Macro drivers, miner behavior, and the price framework
The immediate backdrop is fragile: oil prices have surged as geopolitical tensions intensify, elevating logistic costs and pressuring consumer demand. At the same time, equities have shown signs of strain; after peaking near the end of January, the broad market faced a notable drawdown through March, stoking concerns about a potential downturn in growth signals and central-bank policy space.
Bitcoin’s price action has been tethered to these macro currents even as mining dynamics remain a focal point for downside pressure. MARA Holdings, a publicly traded Bitcoin miner, disclosed on March 26 that it liquidated a sizable portion of its Bitcoin holdings—selling 15,133 BTC to reduce debt exposure and reallocate capital toward AI computing. The move underscores how mining profitability and balance-sheet management can feed into broader market sentiment during risk-off periods.
Against this backdrop, the S&P 500’s wobble and the resilience (or lack thereof) of alternative risk assets influence whether BTC can extend a rally. The market’s nerves around economic resilience and central-bank policy endure, with traders pricing in a high probability that the Federal Reserve will hold rates steady in the near term, while maintaining a cautious stance on future tightening or easing. The latest odds from market-implied rate expectations reflect a complex calculus where inflation persistence and growth concerns coexist with policy fatigue.

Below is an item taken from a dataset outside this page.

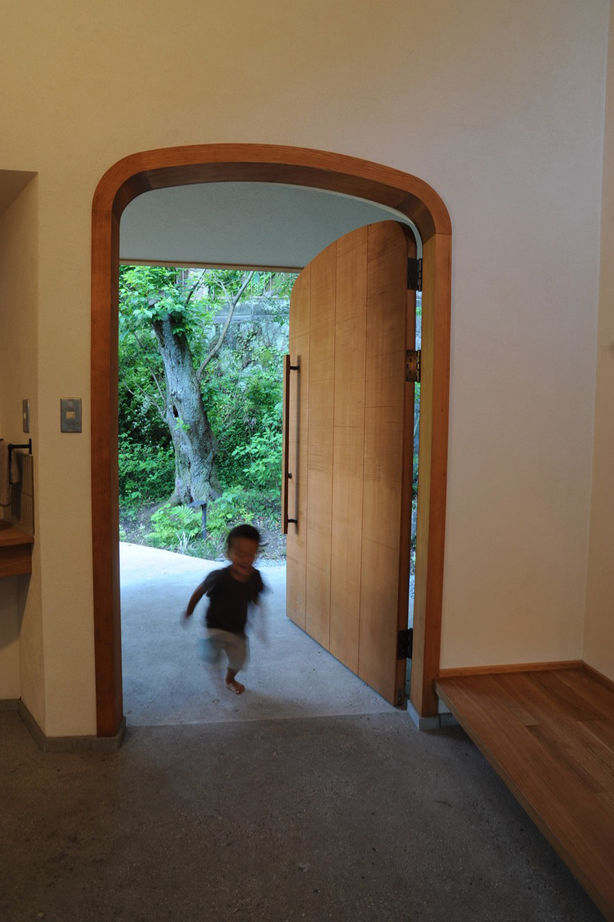 トトモニ　一級建築士事務所 【二世帯住宅/4500万円～/52坪】崖地の眺望を最大限に活かす。ゆるやかで、やさしい時間が流れる二世帯住宅の建築実例画像13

Liquidity conditions in the futures market add another layer. Bitcoin perpetual futures have shown negative funding rates, a sign that the current demand for long leverage is limited relative to the supply of capital seeking hedges or short exposure. In practical terms, negative funding rates can complicate the path for bulls, especially if liquidity dries up or volatility spikes higher on headlines.
Reflation catalysts: ETF inflows and potential upside triggers
One potential pathway for renewed upside is the return of institutional demand via exchange-traded products. Earlier episodes showed notable inflows into U.S.-listed Bitcoin ETFs, with data tracking net flows hitting material levels over a two-week window. If ETF demand resumes, it could provide an additional incentive for price discovery and help clear the overhead supply that has weighed on BTC around the $70,000–$75,000 zone.
The market has also watched for the resilience of external demand factors that once propelled rapid gains. A strong ETF inflow narrative paired with favorable macro signals could catalyze a broader move, potentially helping Bitcoin reclaim the $72,000 level and set the stage for a deeper test of the prior highs.
Investor attention remains anchored to the balance between macro risks and the crypto market’s own internal dynamics. The market has historically shown that even in the absence of a perfect macro backdrop, a combination of short squeezes, inflows, and stabilizing macro data can kindle a meaningful move higher. The next phase may hinge on whether ETF demand re-accelerates or if macro pressures reassert themselves.
What to watch next
Looking ahead, traders will be watching for any shift in the Iran-related geopolitics, changes in oil pricing, and any new ETF inflows that could re-energize demand. If BTC can clear the $72,000 hurdle with sustained activity, the ensuing price action could attract fresh risk-taking, particularly from funds that have been sidetracked by volatility and funding-rate dynamics. Conversely, persistent macro weakness or renewed risk-off sentiment could prolong the current range or push prices lower, especially if miners continue to adjust balance sheets to manage debt pressures.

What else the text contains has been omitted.